In a press release Sunday, the U.S. Army says Chief Warrant Officer Two, Jacob Michael Sims, was assigned to Fort Wainwright, Alaska as a UH-60 Blackhawk helicopter pilot.

Family members say he grew up in Skagway before enlisting in the U.S. Army. Sims completed Warrant Officer Flight training, and was assigned to Wainwright before heading to Joint Base Lewis-McChord, Washington.

According to the release, CW2 Sims was a veteran of several operations including Operation Iraqi Freedom, and Resolute Support Mission in Afghanistan.

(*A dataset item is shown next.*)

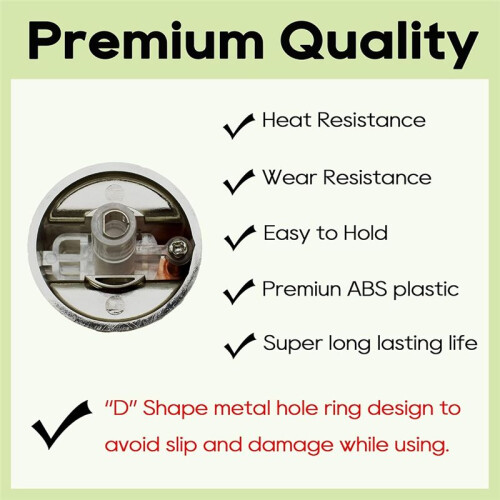 5pcs AEZ73293801 Burner Control Knob Assembly Replacement for  Range/Stove Cooktop, Burner Knob Replace Part 1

“On behalf of the 160th Special Operations Aviation Regiment, I would like to extend my most sincere condolences to the family of CW2 Jacob Sims,” said Colonel Philip Ryan, Commander, 160th SOAR. “Jacob lived by a creed that few understand and even fewer embody. He will not be forgotten and his legacy will endure through his family, friends, and fellow Nightstalkers. You have our unwavering support, and always have a welcome place among the Night Stalker family,”

On Sunday, Governor Walker honored the decorated pilot by ordering U.S. and Alaska flags lowered to half-staff.

“Chief Warrant Officer Sims and his family made the ultimate sacrifice for the rest of us,” Governor Walker said. “Byron, Toni, Donna and I are holding his parents, his wife and his children in our daily prayers. While our state and our country lost a dedicated soldier, they lost their son, husband, and father. Our military service members put themselves on the line in defense of the values we hold dear. We owe them a debt of gratitude.”

Family members are flying to meet Sims’ casket.

ORIGINAL:

The Pentagon has released the name of a U.S. soldier who died of wounds sustained in a helicopter crash in eastern Afghanistan.

The Friday crash in Logar province killed Jacob M. Sims – a 36-year-old chief warrant officer from Juneau, Alaska. He was assigned to 4th Battalion, 160th Special Operations Aviation Regiment, from Joint Base Lewis-McChord in Washington state.

The U.S. military has said six other crew members aboard the helicopter were injured in the crash. The Defense Department has provided no details about the crash other than saying it wasn’t caused by enemy fire.